[Web page caption snippets]
# # #

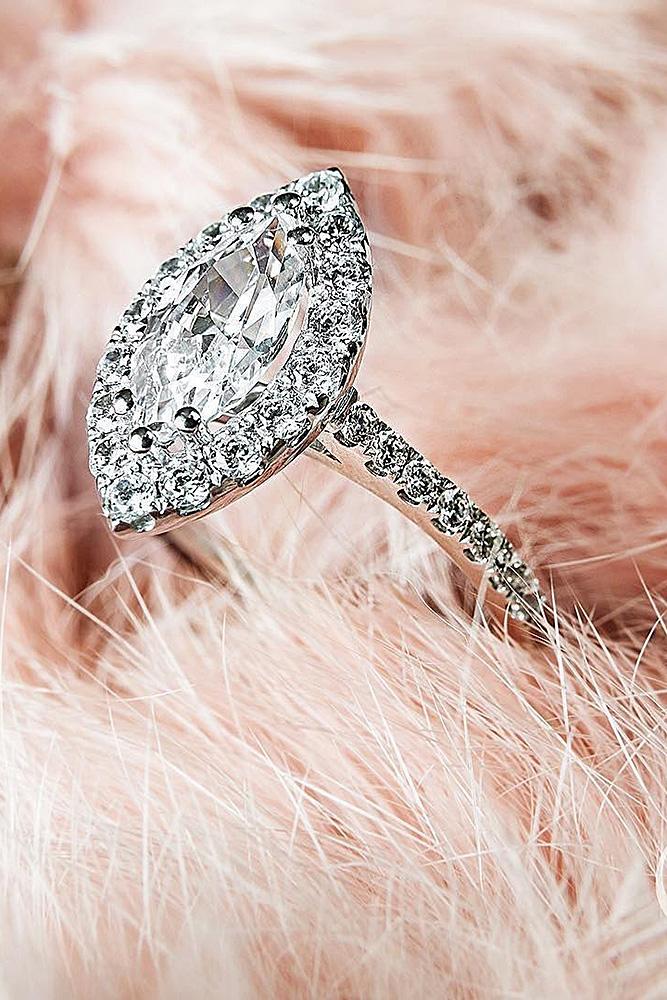 beautiful engagement rings white gold diamond halo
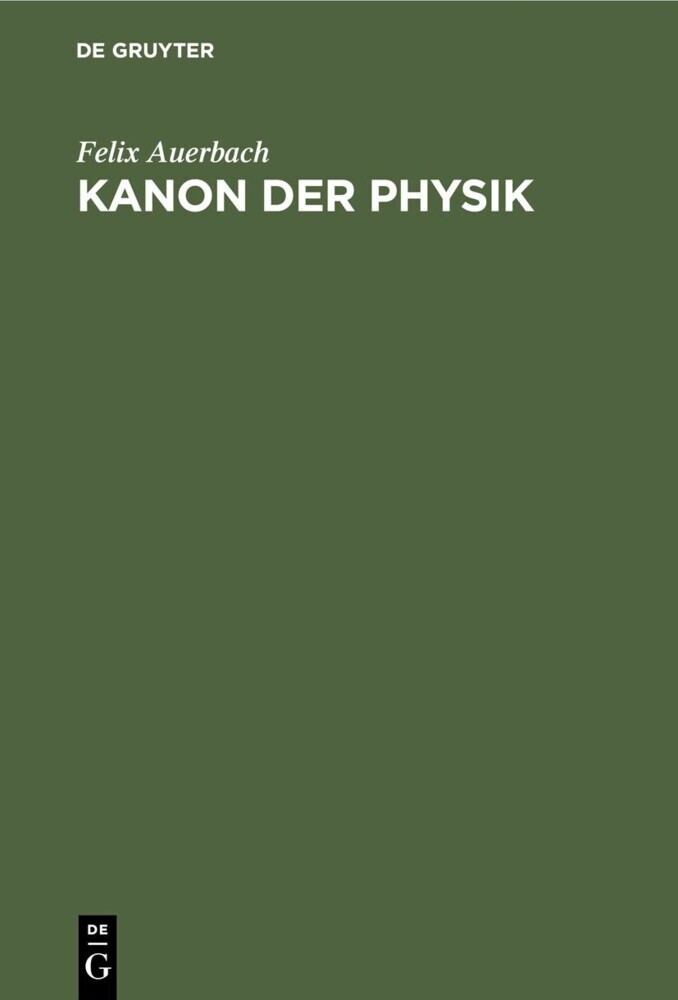 Kanon der Physik main product photo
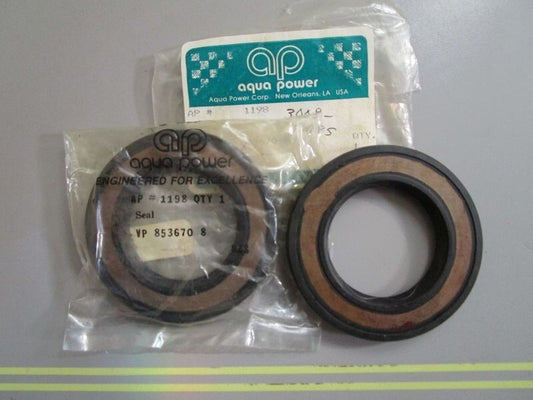 *NEW* (LOT OF 2) 0770 Aqua Power Seal 1198 Replaces: Volvo 853670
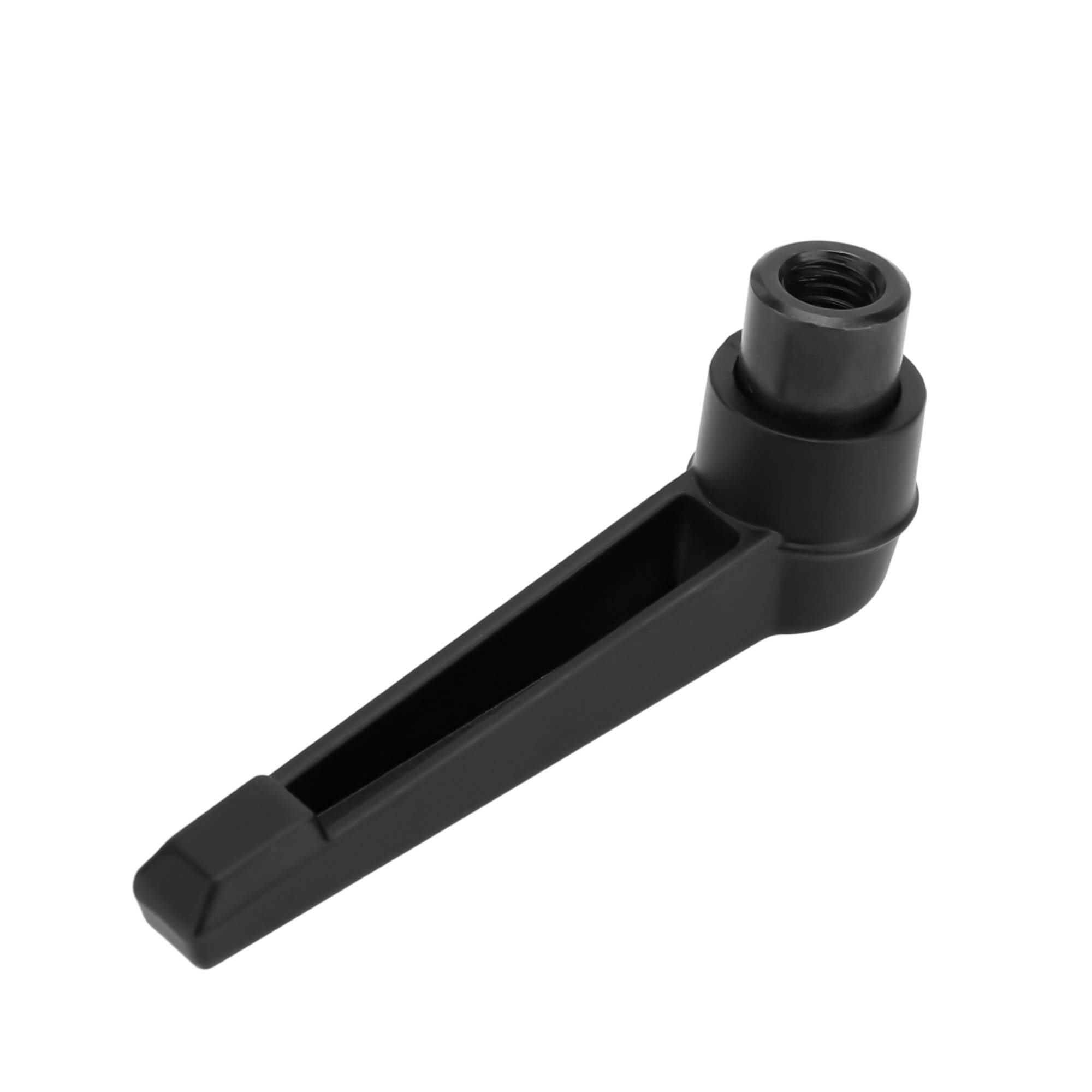 Intirilife Klemmhebel M8 in 7 Längen / Klemmmutter M8 aus verzinktem Stahl - Spanngriff Griffmutter Klemmgriff Verschlusshebel - Verstellbarer Griff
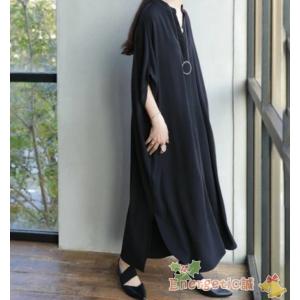 黒ロングワンピースの商品一覧 通販 Yahoo ショッピング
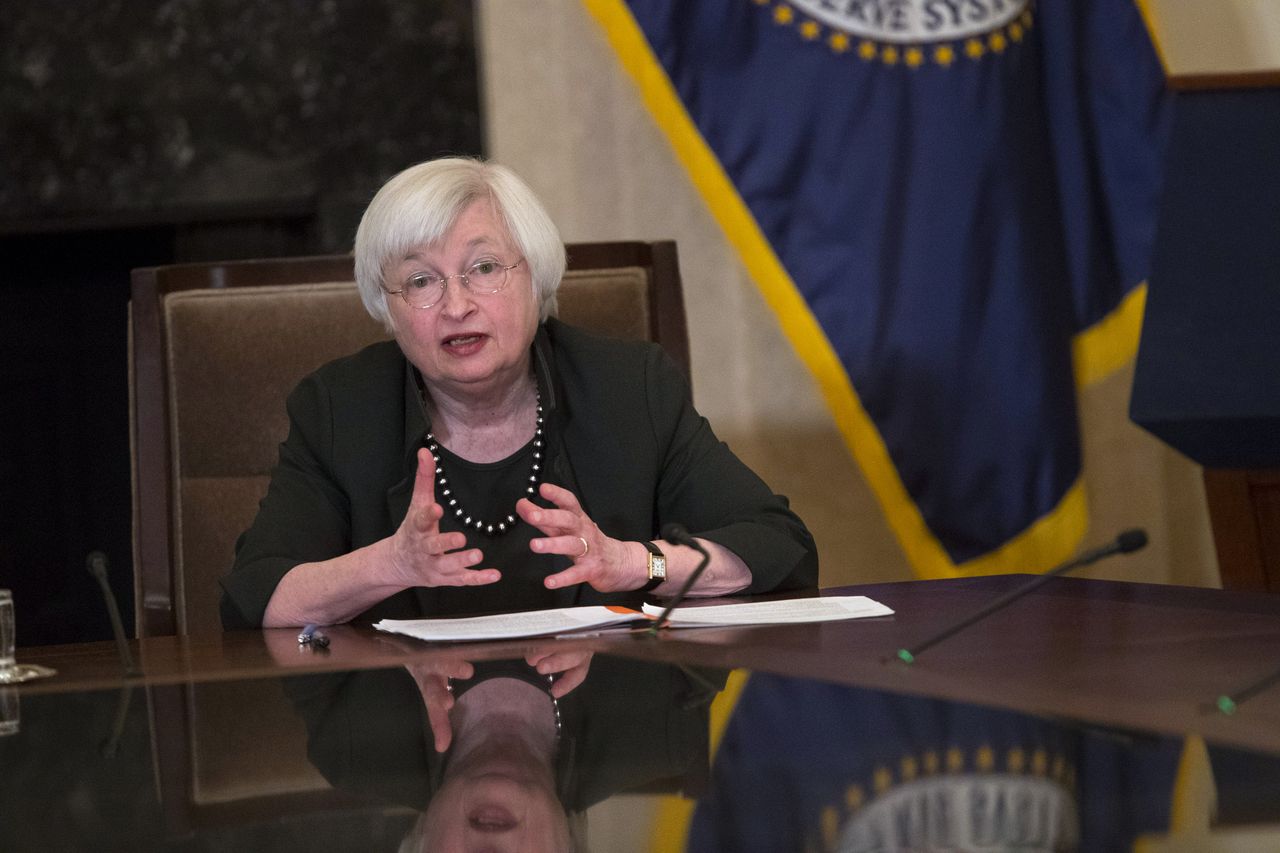 Janet Yellen speaks in Washington, D.C.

# # #

Starting with the line that contains "Intirilife Klemmhebel M8", print every remaining line of the records above, exactly as it stands. Do not print the pictures.

» **Solved problem**:
 Intirilife Klemmhebel M8 in 7 Längen / Klemmmutter M8 aus verzinktem Stahl - Spanngriff Griffmutter Klemmgriff Verschlusshebel - Verstellbarer Griff
 黒ロングワンピースの商品一覧 通販 Yahoo ショッピング
 Janet Yellen speaks in Washington, D.C.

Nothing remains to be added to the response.